466 000 Euro kostet das Haus mit Stellplatz für ein Fahrzeug mit Anhänger, mit Sanitär- und Umkleideräumen. Das Gros des Geldes kommt über Fördermittel. Mitte der Woche wurde die Bodenplatte gegossen. „Nächste Woche sollen die in Penig gefertigten Elemente kommen", sagte der Bad Lausicker Bauamtsleiter Wolfgang Günther. Danach könnten die Dachsparren drauf. 2013, irgendwann in der Jahresmitte, soll das Gerätehaus fertig sein. Auf jeden Fall noch nicht Ende April, wenn die Wehr ihr 75-jähriges Bestehen feiert.

Auf den Neubau freut sich Alterskamerad Werner Wittig. „Das war ja ein Hin und Her mit dem Geld", meinte der 81-Jährige. An den Vorgängerbau in den sechziger Jahren hatte er selbst mit Hand angelegt: „Das war damals im NAW, im Aufbauwerk." Zwischen den Aktiven saßen gestern mit Tom Herrmann, Tobias Wendebaum und Ron Kalbitz die Feuerwehrleute von morgen. Seit ein paar Jahren bilden die 13- und 14-Jährigen die Jugendwehr. Um die Grundübungen kennenzulernen, sagte Tobias. Um Kameradschaft zu erfahren, meinte Tom.
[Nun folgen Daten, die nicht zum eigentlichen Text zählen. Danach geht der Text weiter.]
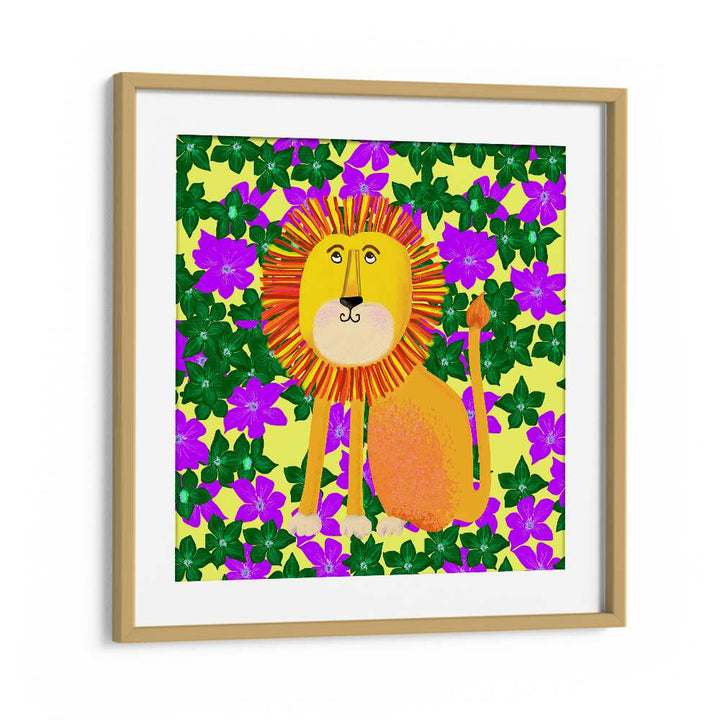 Lion In Flowers By Lynnda Rakos Pop Art Paintings Pop Art Prints in Oak Wood Frame With Mount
Dass die Steinbacher wissen, was sie an ihrer Feuerwehr haben, zeigten sie in den vergangenen Jahren immer wieder. Dank privater Spenden beschafften sie aus Österreich ein Einsatzfahrzeug, investierten 5000 Euro in den Ausbau eines Schulungsraumes im Herrenhaus. Für Detlef Stolle, den stellvertretenden Stadtwehrleiter, Grund, Dank zu sagen: „Engagierte Feuerwehrleute brauchen wir überall."